The above is quite useful in as much as it prevents you from overwriting previous backups that may be required.The downside is that you now need to introduce a housekeeping system to tidy away old, unwanted backups to prevent your backup area filling up.

Use of stdin or stdout Filenames

Gbak recognizes the literal strings stdin and stdout as source or destination filenames.In POSIX systems, when the standard input and/or standard output channels are used, it is not permitted to execute seek operations on these channels.Using stdin or stdout as filenames with gbak will force gbak to use processing that will not seek on the input or output channels, making them suitable for use in pipes — as per the examples in the recipes section above.
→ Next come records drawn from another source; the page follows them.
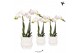 Phalaenopsis multiflora wit 2 tak in owl pot white kolibri orchids 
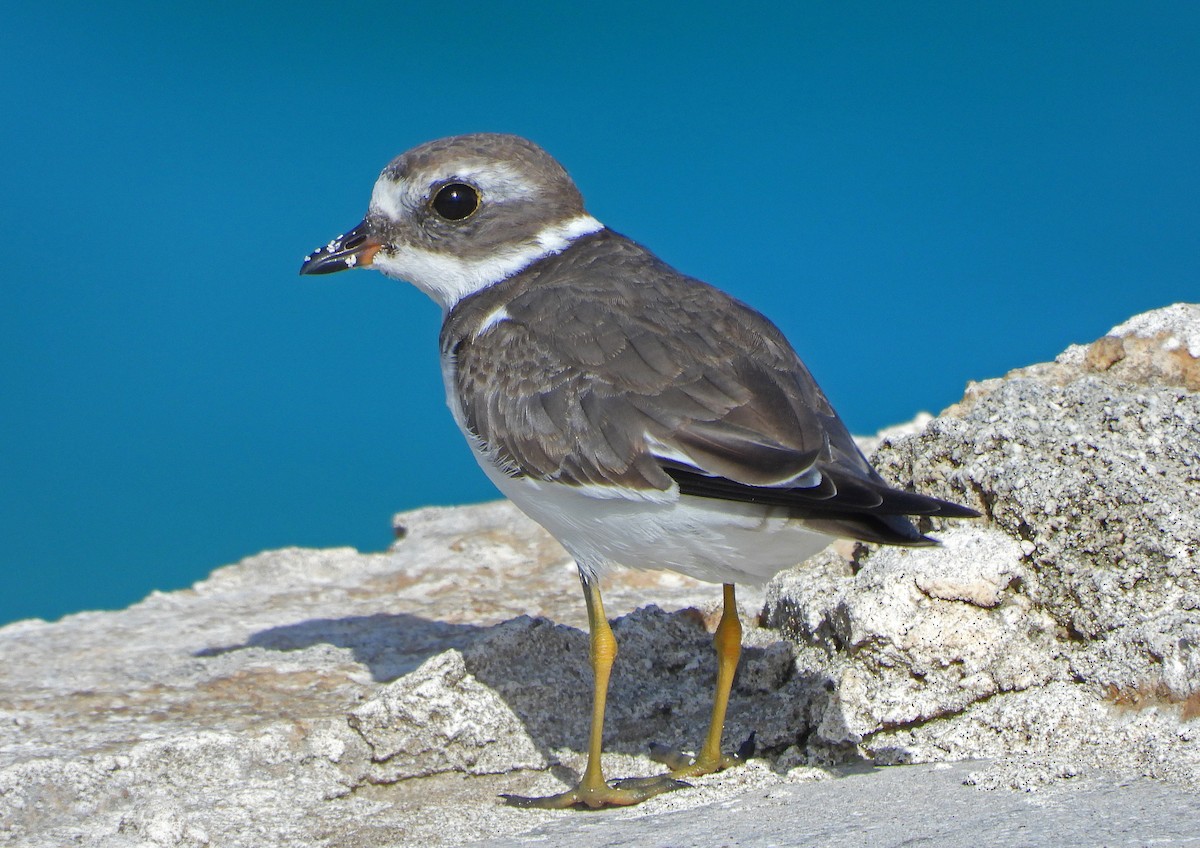 Semipalmated Plover - ML644768160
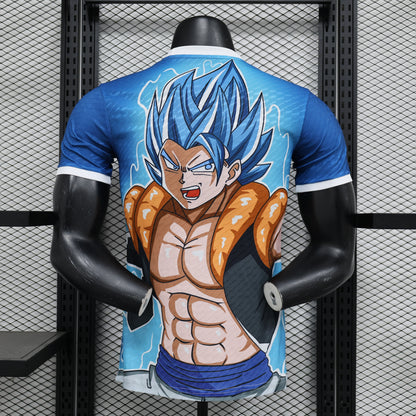 KIT CONCEPT JAPONAIS 24 DRAGON BALL Z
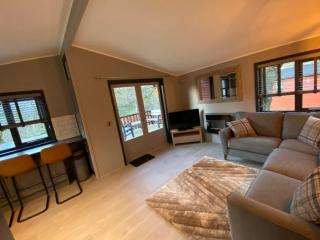L19 - Penrhyn Spa Lodge with Hot Tub - Bethesda - 1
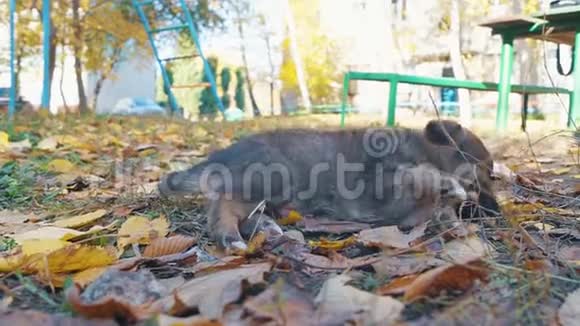 无家可归的小狗伤心地躺在树叶上视频的预览图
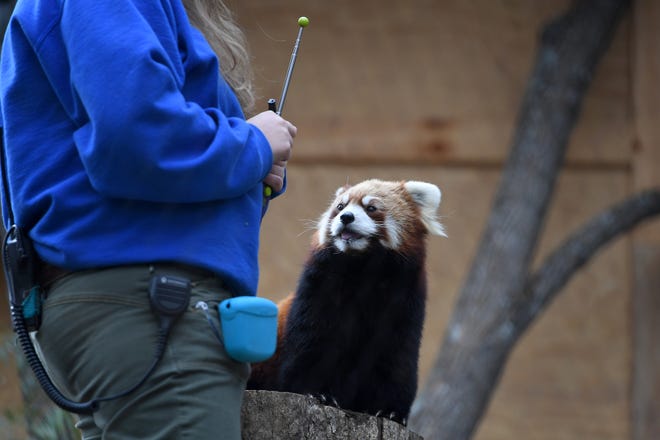 A red panda named Leafa asks animal naturalist Chesley Hollander for a treat at the grand opening of their new exhibit at the WNC Nature Center on Feb. 14, 2019. 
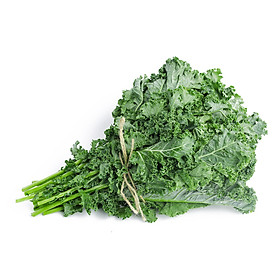 CẢI KALE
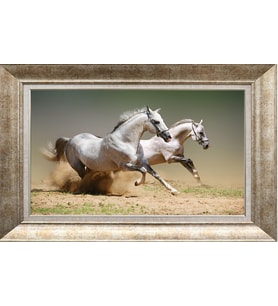 GÜMÜŞ ÇERÇEVELİ TABLO N496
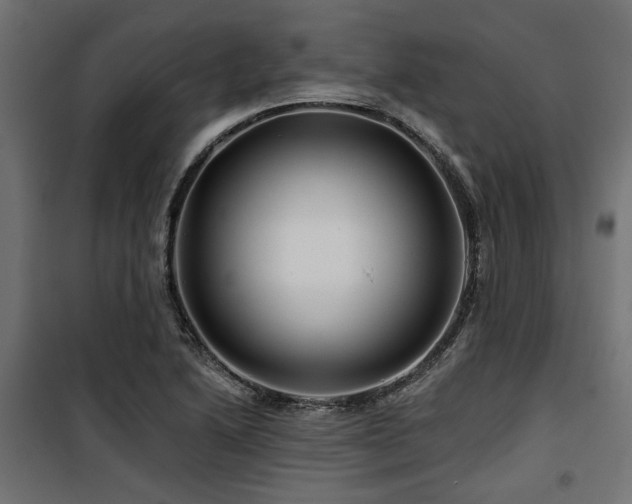 X0000100751222200806191135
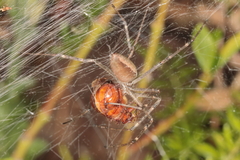 Euprosthenops australis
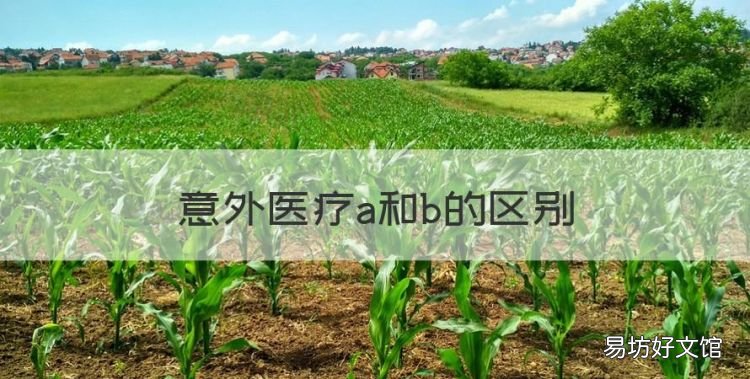意外医疗a和b的区别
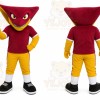 Red Bird Mascot Costume with Custom Logo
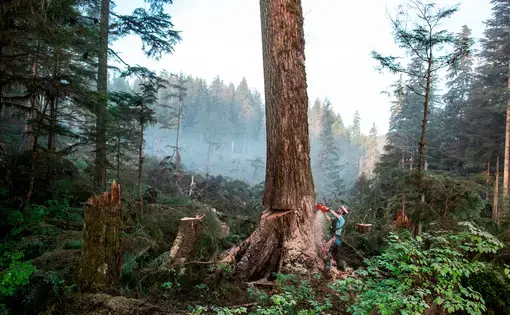 Sam Crawford, a young cutter at the Tuxekan logging site, takes down a large tree early in the morning. Image by Joshua Cogan. United States, 2019.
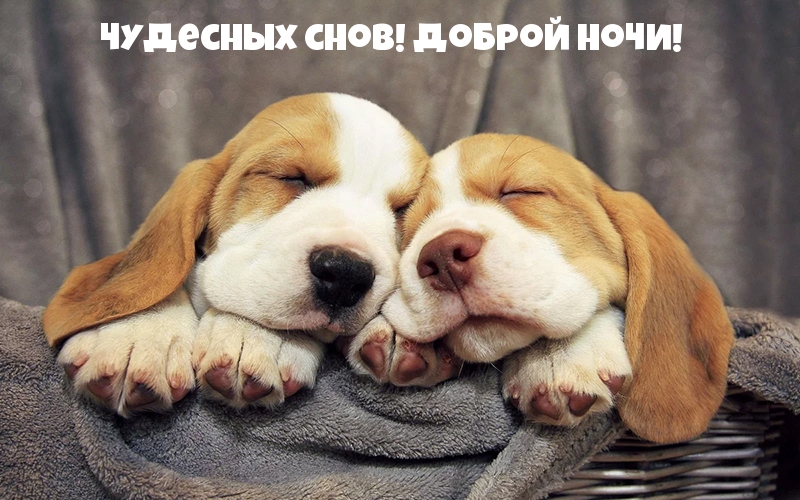 Чудесных снов! Доброй ночи!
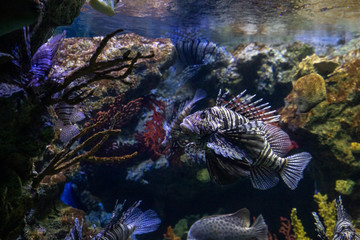 Naklejka na ściany i meble scorpion fish underwater in ocean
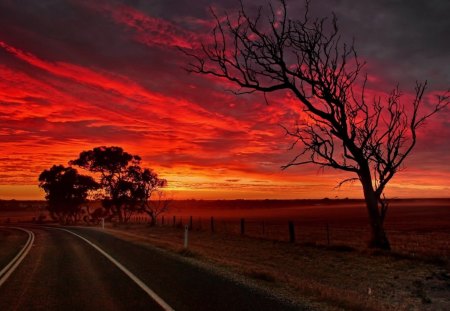 crimson sunset of beauty - beauty, silhouette, sky, travel, trees, photography, night, highway, road, nature, amazing, beautiful, breathtaking, dusk, natural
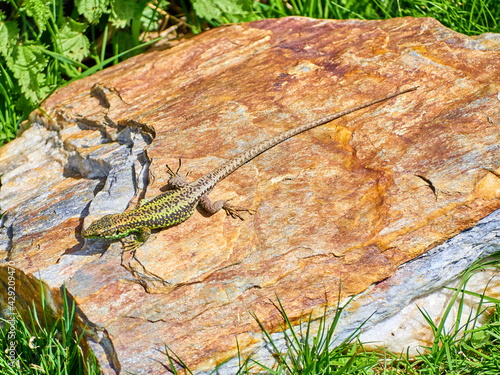 Iberolacerta galani or lizard of Leon, basking in the sun on a rock in a high mountain refuge to warm up. Focus on the eye of the animal with the background out of focus. photo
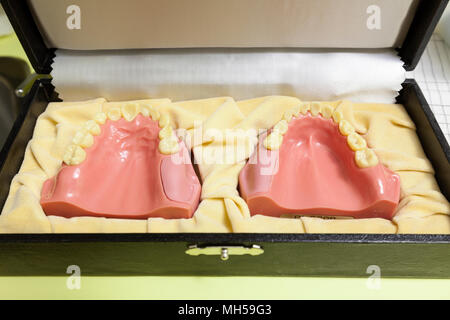A dental model of the human mouth and teeth. Stock Photo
These filenames, while they appear to be POSIX names, are definitely not synonyms for /dev/stdin or /dev/stdout, they are simply literals that gbak checks for while processing its parameters.Do not attempt to use names /dev/stdin or /dev/stdout in a piped process as it will most likely fail.

If you wish to create a backup file actually named either stdin or stdout, then you should specify the filename as a full, or relative, path name such as ./stdin or ./stdout, which causes gbak to treat them as a literal filename rather than a special filename that causes different to normal processing during the backup or restore process.